:: The task ::
Repeat only the lines below that run from the line with "Apartamento à venda" to the line with "Sweet Dreams Tee", ends included; skip every picture.

:: Data under study ::
━━━━━━━━━━━━━━━━━━━━━━━━━━━━━━
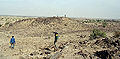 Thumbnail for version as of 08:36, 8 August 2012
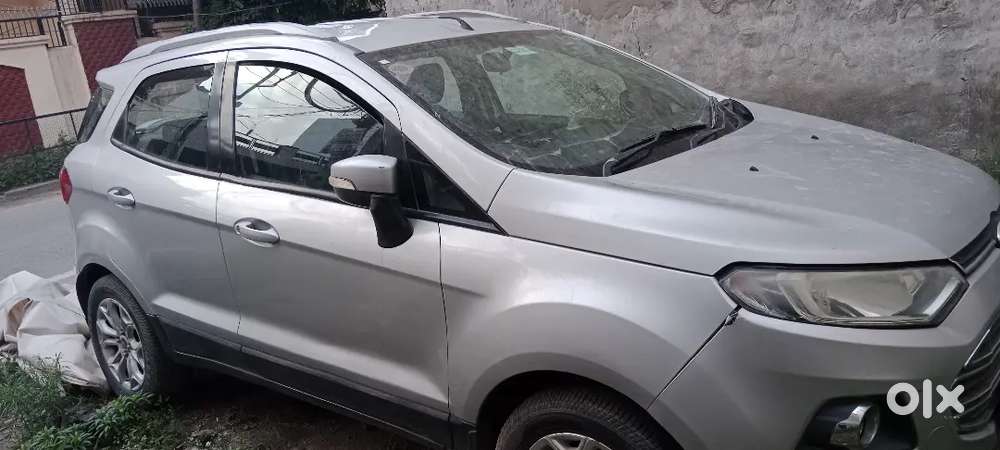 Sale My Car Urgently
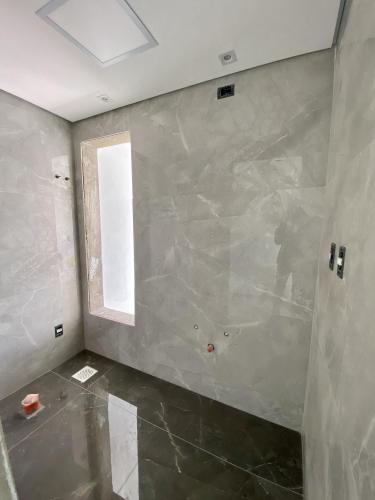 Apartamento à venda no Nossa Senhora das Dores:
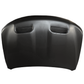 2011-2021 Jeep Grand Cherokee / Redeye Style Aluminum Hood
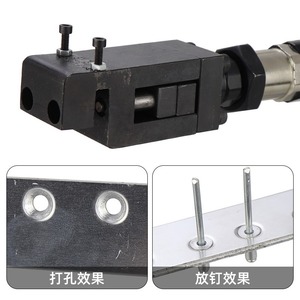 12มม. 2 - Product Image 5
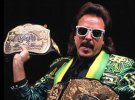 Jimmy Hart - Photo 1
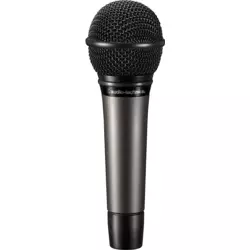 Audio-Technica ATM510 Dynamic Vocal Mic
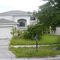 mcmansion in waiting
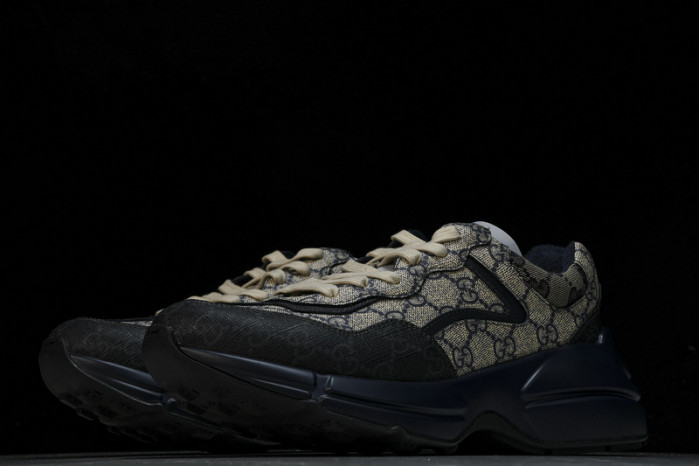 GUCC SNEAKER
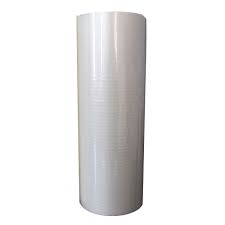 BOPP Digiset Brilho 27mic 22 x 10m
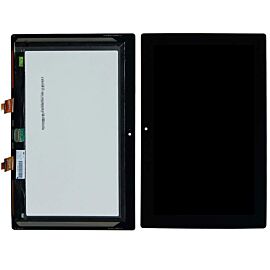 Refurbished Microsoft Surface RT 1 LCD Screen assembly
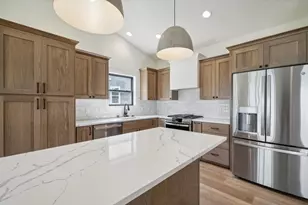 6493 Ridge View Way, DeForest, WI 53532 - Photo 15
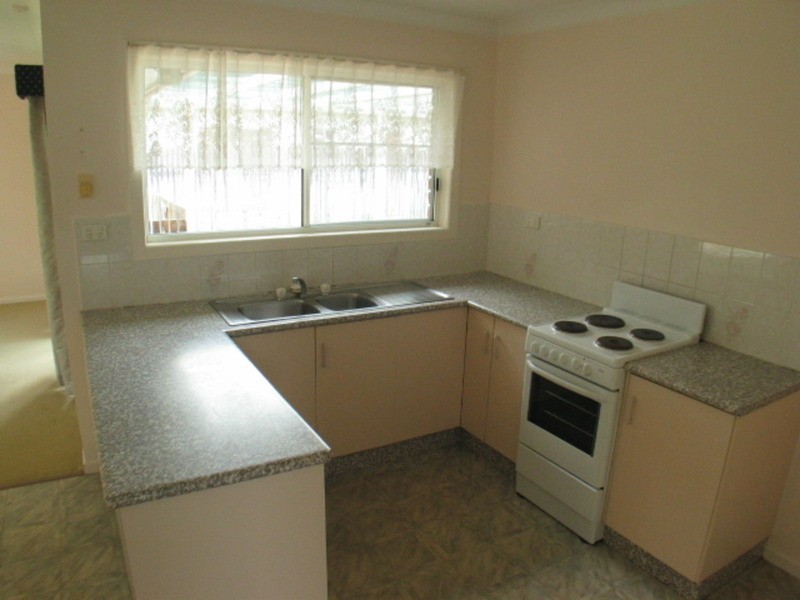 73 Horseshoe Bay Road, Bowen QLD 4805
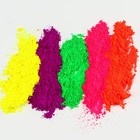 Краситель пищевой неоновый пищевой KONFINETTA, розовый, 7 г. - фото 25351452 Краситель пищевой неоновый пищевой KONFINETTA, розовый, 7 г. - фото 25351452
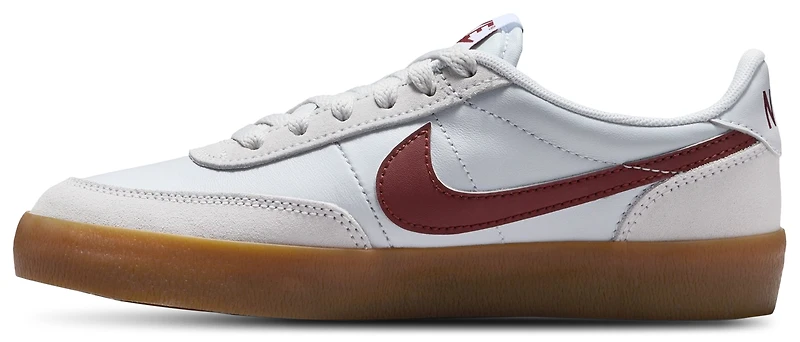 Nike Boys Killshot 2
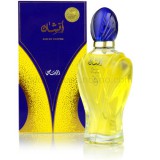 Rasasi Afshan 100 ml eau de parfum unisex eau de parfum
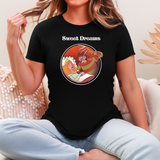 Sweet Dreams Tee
━━━━━━━━━━━━━━━━━━━━━━━━━━━━━━
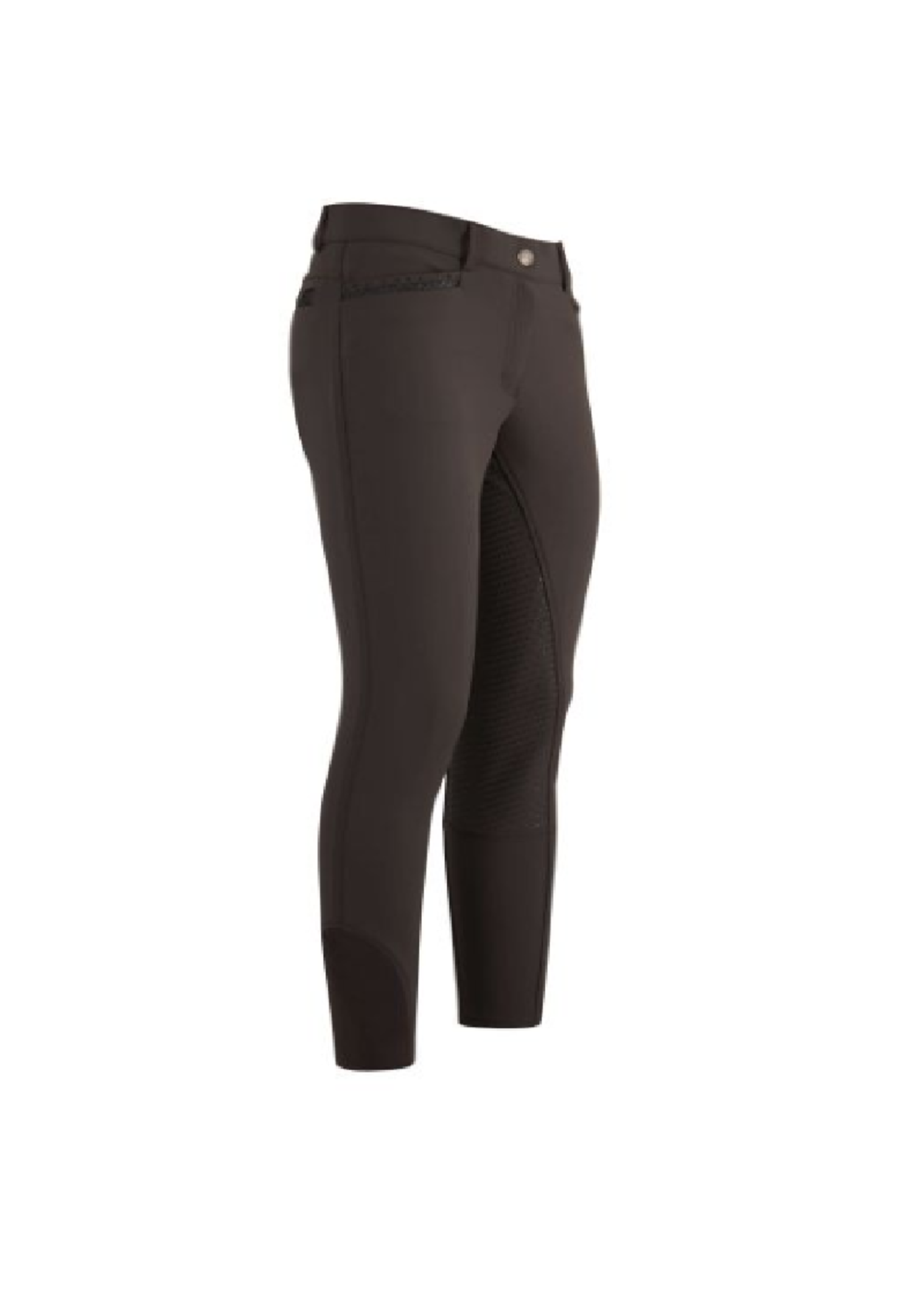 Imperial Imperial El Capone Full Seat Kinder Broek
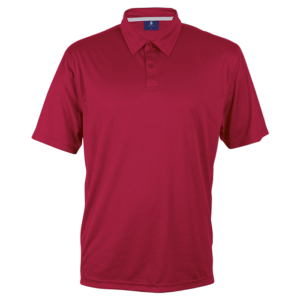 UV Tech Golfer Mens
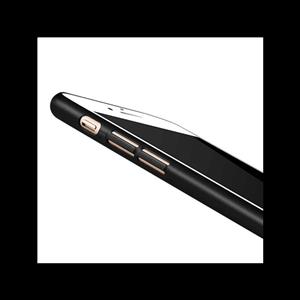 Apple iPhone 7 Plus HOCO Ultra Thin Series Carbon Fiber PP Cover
━━━━━━━━━━━━━━━━━━━━━━━━━━━━━━
:: Answer box ::
 Apartamento à venda no Nossa Senhora das Dores:
 2011-2021 Jeep Grand Cherokee / Redeye Style Aluminum Hood
 12มม. 2 - Product Image 5
 Jimmy Hart - Photo 1
 Audio-Technica ATM510 Dynamic Vocal Mic
 mcmansion in waiting
 GUCC SNEAKER
 BOPP Digiset Brilho 27mic 22 x 10m
 Refurbished Microsoft Surface RT 1 LCD Screen assembly
 6493 Ridge View Way, DeForest, WI 53532 - Photo 15
 73 Horseshoe Bay Road, Bowen QLD 4805
 Краситель пищевой неоновый пищевой KONFINETTA, розовый, 7 г. - фото 25351452 Краситель пищевой неоновый пищевой KONFINETTA, розовый, 7 г. - фото 25351452
 Nike Boys Killshot 2
 Rasasi Afshan 100 ml eau de parfum unisex eau de parfum
 Sweet Dreams Tee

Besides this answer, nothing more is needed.